Aber Babette möchte sich noch ein bißchen über PC ärgern, die einen Film wie „Aimée & Jaguar“ so weit nach vorn bringe, „eigentlich ist das doch bloß ein Fernsehspiel. Und dann müssen sie auch noch diese zahnlose alte Frau auf die Bühne zerren, die nicht mal in der Rahmenhandlung selber auftreten durfte! Im funkelnagelneuen Hosenanzug, ein Geschenk der Produktionsfirma, wie sie uns gleich wissen ließ. Und während der Ehemann in Wirklichkeit ein stiller, scheuer Mensch war, darf Detlev Buck im Film zu Ehren der Berliner Republik richtig den Kotzbrocken geben! Also, wirklich...“
Ich bin ganz erstaunt; so kenne ich Babette gar nicht. Normalerweise tendiert sie ins Launige und ist von pädagogischen Neigungen – also PC – keineswegs frei: Filme sollen, auf möglichst ansprechende Art, die Publikumsmentalität verbessern.

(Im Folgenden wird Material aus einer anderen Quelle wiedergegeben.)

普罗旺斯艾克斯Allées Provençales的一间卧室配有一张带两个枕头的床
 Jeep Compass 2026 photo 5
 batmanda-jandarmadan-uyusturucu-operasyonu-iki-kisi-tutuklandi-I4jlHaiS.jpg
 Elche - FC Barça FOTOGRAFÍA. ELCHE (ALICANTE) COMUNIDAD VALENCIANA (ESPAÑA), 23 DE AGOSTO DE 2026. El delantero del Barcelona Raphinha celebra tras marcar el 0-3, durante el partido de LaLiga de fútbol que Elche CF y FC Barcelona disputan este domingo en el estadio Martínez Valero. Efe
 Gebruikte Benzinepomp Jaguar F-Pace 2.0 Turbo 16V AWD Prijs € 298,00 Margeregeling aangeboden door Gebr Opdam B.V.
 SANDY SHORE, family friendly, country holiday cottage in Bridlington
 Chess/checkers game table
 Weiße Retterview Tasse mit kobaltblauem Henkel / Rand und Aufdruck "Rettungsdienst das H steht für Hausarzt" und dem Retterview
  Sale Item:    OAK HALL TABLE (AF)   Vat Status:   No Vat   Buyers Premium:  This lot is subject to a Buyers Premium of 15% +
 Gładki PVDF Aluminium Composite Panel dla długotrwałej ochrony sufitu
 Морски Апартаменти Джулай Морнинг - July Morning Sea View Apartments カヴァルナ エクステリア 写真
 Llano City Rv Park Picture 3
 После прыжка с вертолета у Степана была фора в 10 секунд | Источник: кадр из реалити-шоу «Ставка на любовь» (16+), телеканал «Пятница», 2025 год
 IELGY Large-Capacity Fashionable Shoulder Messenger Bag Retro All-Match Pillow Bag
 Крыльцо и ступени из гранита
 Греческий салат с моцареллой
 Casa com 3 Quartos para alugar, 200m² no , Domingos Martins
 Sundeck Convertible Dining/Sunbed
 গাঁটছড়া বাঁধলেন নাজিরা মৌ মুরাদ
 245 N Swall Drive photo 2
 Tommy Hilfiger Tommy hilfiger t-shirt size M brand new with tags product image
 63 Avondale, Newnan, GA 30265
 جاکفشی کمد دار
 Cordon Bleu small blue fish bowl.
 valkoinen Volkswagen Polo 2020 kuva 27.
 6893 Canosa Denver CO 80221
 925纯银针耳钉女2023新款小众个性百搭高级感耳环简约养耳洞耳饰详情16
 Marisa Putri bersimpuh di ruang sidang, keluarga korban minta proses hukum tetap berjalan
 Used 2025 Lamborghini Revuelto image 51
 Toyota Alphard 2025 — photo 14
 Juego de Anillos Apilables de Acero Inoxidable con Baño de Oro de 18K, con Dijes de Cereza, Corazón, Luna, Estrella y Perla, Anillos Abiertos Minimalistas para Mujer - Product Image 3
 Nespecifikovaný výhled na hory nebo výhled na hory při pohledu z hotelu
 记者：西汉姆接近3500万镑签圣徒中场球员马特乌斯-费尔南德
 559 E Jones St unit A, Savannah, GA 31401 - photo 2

Leroi nippt an seinem Whiskey sour (auch den habe ich an Weihnachten in Binz, Statist bei der nächsten Isherwood-Verfilmung, probiert: später Beginn einer Cocktailtrinkerkarriere). „Ihr könnt das ja nicht glauben, aber wir Ausländer hegen immer wieder den Verdacht, daß ihr Deutschen euch bei solchen Filmen wie „Aimée & Jaguar“ insgeheim an den Uniformen und den Fahnen und den Kulissen des Dritten Reiches delektiert – kann man das sagen: ,delektiert‘? Und daß ihr da jetzt noch einer verbotenen Liebesgeschichte zwischen einer blonden Arierin und einer dunklen Jüdin zuschauen dürft?“
Auch wenn sie dramaturgisch gefordert wäre, ich lasse die Cocktailsorte aus, an der Babette sich delektiert: „Da habt ihr uns aber damals mit ,Cabaret‘“, empört sie sich, „eine klasse Einstiegsdroge serviert?!“
Nein, das wird nichts. Wir müssen noch einmal von vorn anfangen. Michael Rutschky
Das Foto zeigt den Schauspieler Jürgen Prochnow; vor drei Jahren wäre bei der Eröffnung Jürgen Prochnow als Bundeskanzler durchgegangen.